ASSIGNMENT: Make an exact copy of the lines from the one containing "This modern, stylized" through the end of the records below, and leave out every picture.

/---

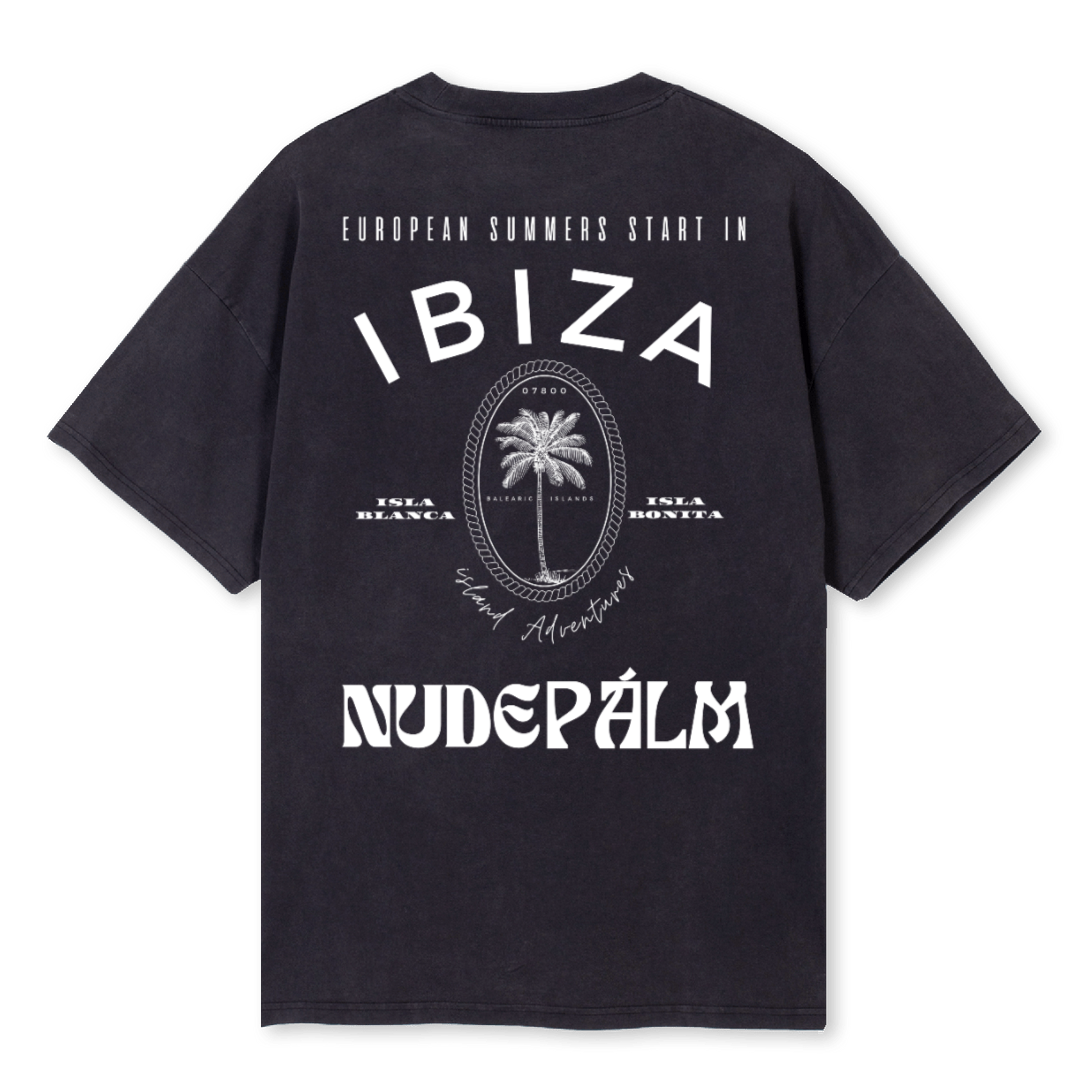 PRE-ORDER ICONIC IBIZA ISLAND T - SUN SOAKED BLACK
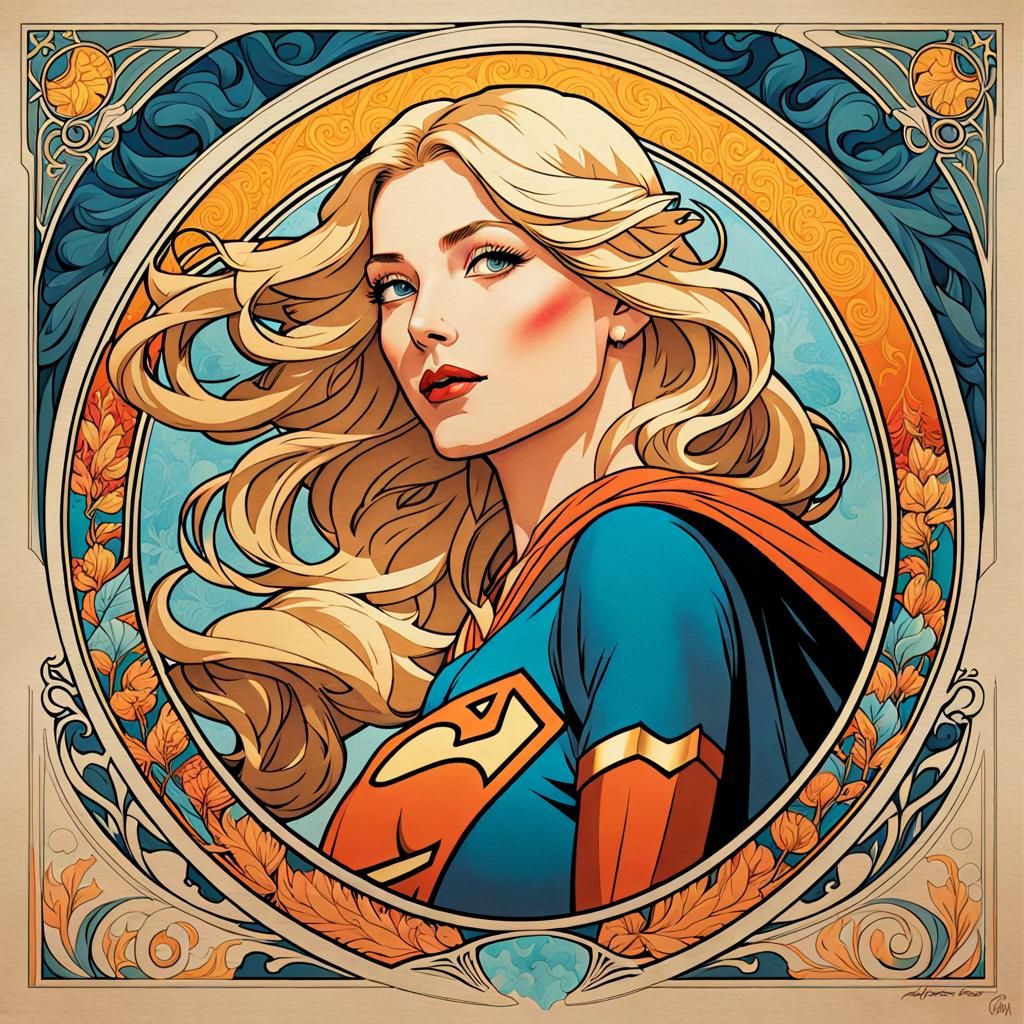 Supergirl as the Four Seasons in Art Nouveau Style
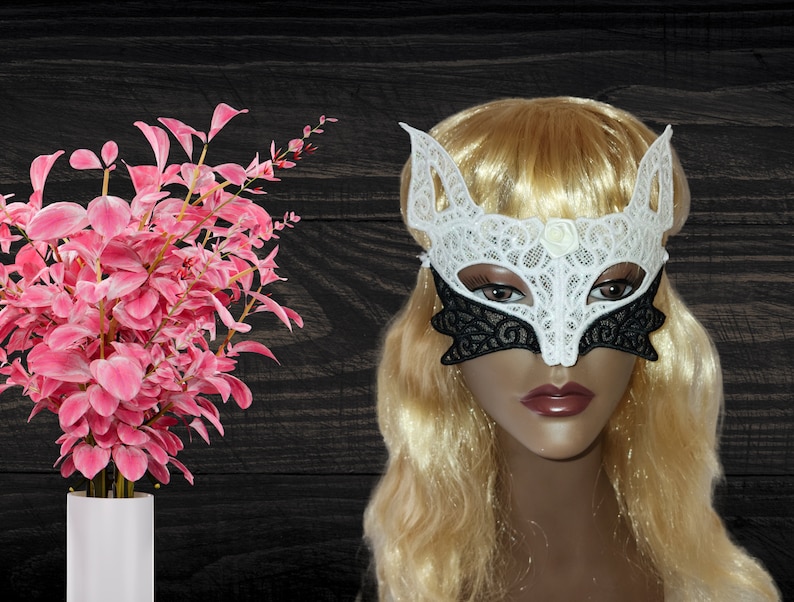 Custom Freestanding lace Fox Mask Crystal Rhinestones Freestanding Lace Masquerade Ball Steampunk foxy, Mardi Gras boudoir kitsune mask image 3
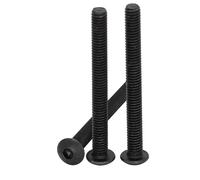 40/100pcs M2 .5 M3 M4 M5 M6 M8 M10 12.9 Grade Black Steel Bolt Oval Pan Round Button Head Inner Hexagon Socket Machine Screw(16mm,40Pcs M6)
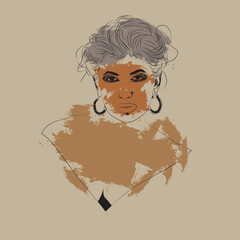This modern, stylized portrait features a woman with an intense stare. Delicate black linework sketches her hair and features, while abstract orange brushstrokes add a bold, expressive layer.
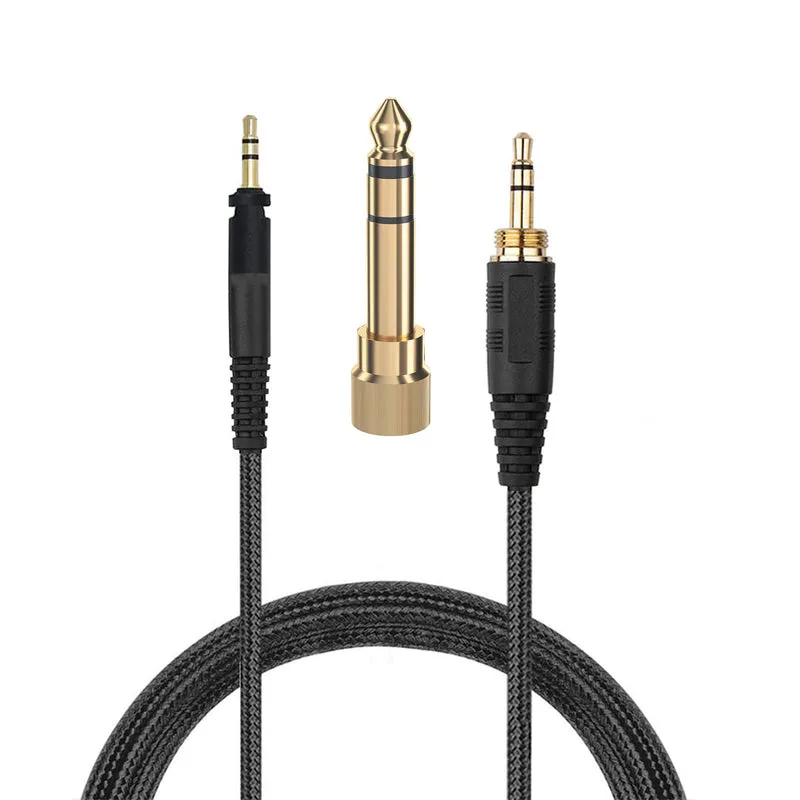 Ersatzkabel für Shure SRH840, SRH940, SRH440 und SRH750DJ Kopfhörer, mit ¼ Zoll (6.35 mm) Adapter – 1.5 m – geflochten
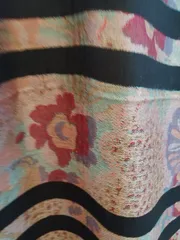 Modal Silk Cotton Jamewar Reversible Stole in Smart Black and multicolour weaves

\---

WRITTEN ANSWER:
This modern, stylized portrait features a woman with an intense stare. Delicate black linework sketches her hair and features, while abstract orange brushstrokes add a bold, expressive layer.
 Ersatzkabel für Shure SRH840, SRH940, SRH440 und SRH750DJ Kopfhörer, mit ¼ Zoll (6.35 mm) Adapter – 1.5 m – geflochten
 Modal Silk Cotton Jamewar Reversible Stole in Smart Black and multicolour weaves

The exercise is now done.